If that's what you want to do, you should turn off simplified reviews for a while and study individual sections, which will pull in even far-off words for review and prompting you with just their traditional forms.

jcardenio   September 26th, 2011 8:20p.m.

Thanks nick for the always responsive help! Studying one list seems to work just fine. I'm still not sure how those random ones made it in but it seems to have stopped happening.

Thanks!

jcardenio   October 2nd, 2011 8:44a.m.

I'm following the above strategy, setting to traditional then only studying a single list (HSK 2 now). I'm getting a bug where it seems to not remember the answer I just gave? I.E. answer a prompt, then get the exact same prompt again several items later.
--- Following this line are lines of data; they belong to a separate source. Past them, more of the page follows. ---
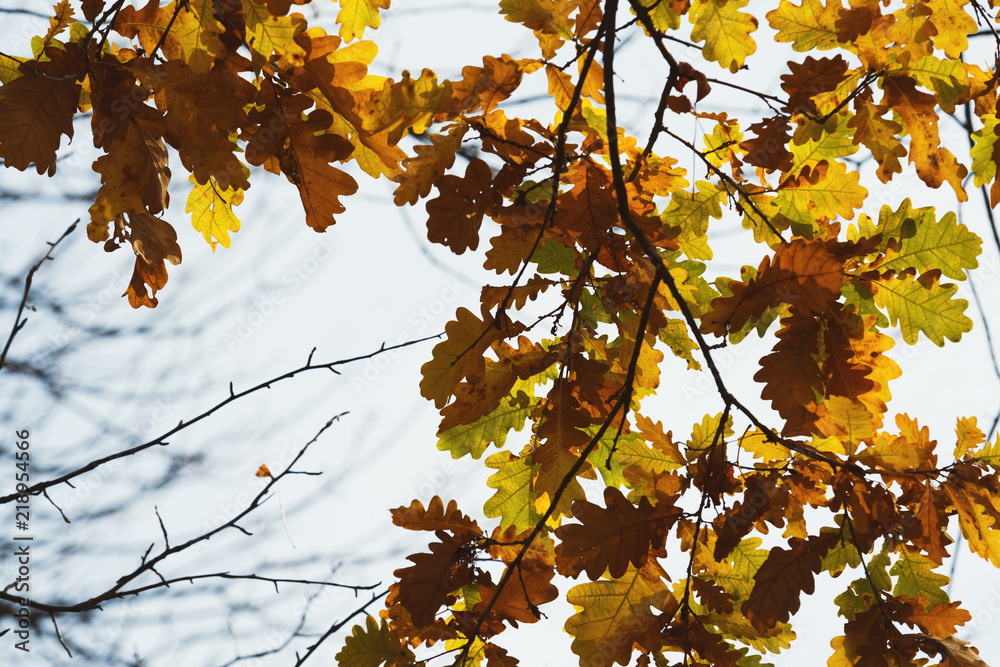 Poster Fall backdrop. Branches of trees with autumn leaves
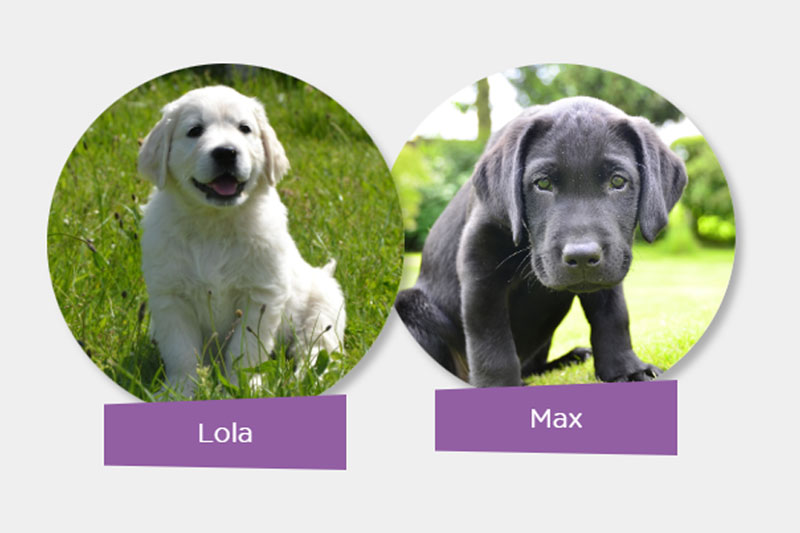 Canine Partners assistance dog
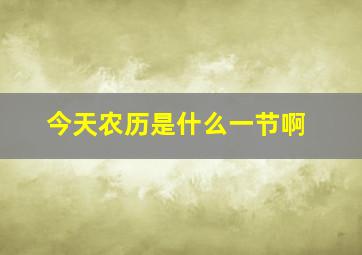 今天农历是什么一节啊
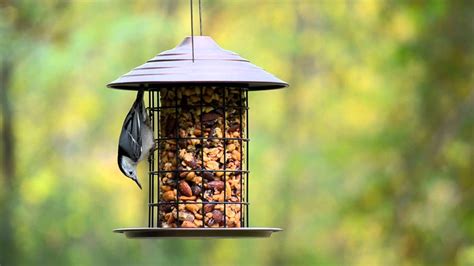 Wild Birds Unlimited Tidy Cylinder Feeder Youtube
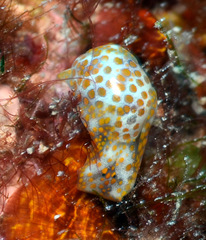 Lamprohaminoea evelinae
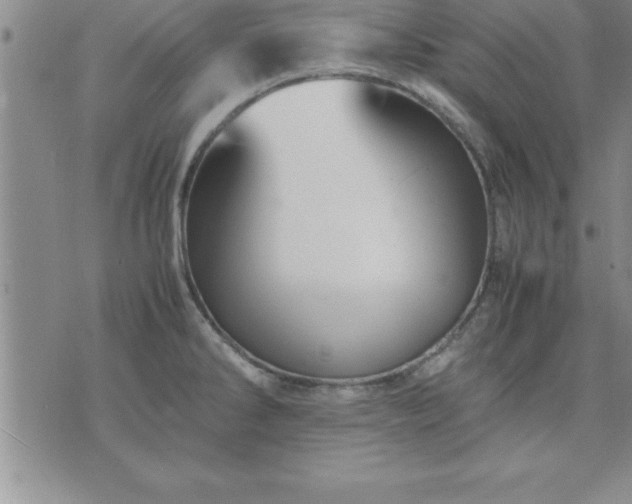 X0000075841286200609221656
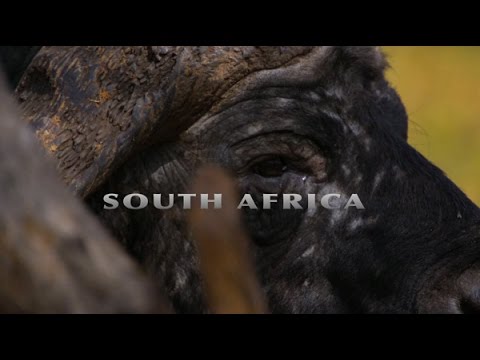 Blaser R8 South Africa Blaser R8 South Africa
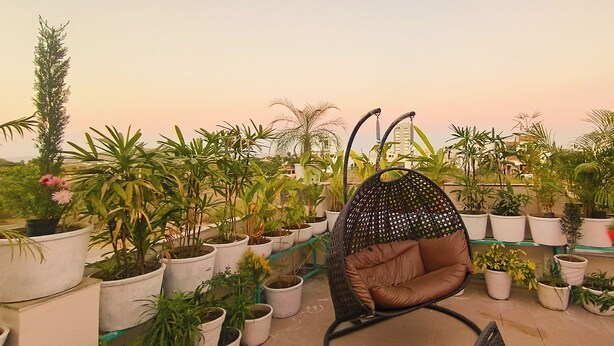 Un jardín en la azotea con diversas plantas en macetas y un sillón colgante.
Like for Liang3, the first time got the writing as a "new" word, answered it incorrectly. Then several prompts later, got asked for the writing again, only this time it was last reviewed several months ago?

Maybe has something to do with too few items to cache?

nick   October 3rd, 2011 4:22p.m.

Perhaps... if you check your network latency indicator in the lower right after finishing one of these words, do the "saving count" numbers go down right away, or do they persist for a while?

If you can send me some screenshots of this happening on the first and then second reviews (I know it's tricky to predict the future, for which items this will happen to), I might be able to figure this out better.

jcardenio   October 4th, 2011 8:55a.m.

I almost hesitate to distract you from the iphone app...

I'll send you an email with a couple of screenshots, but here is what I noticed. The first time, I'll get asked on just the writing (new), get it wrong. Then several items later I'll get asked for the tone & writing (with the tone interval of 5 months showing for last reviewed). At this point I don't know if the first writing got recorded? If I miss a new word they don't usually show up so fast. If I answer it correct the second time, (since I just saw it) does this count as getting it right the first time? Is this the intended behavior, seems like they should just be clumped once?

Also maybe add which part the "Studied X month's ago" is for?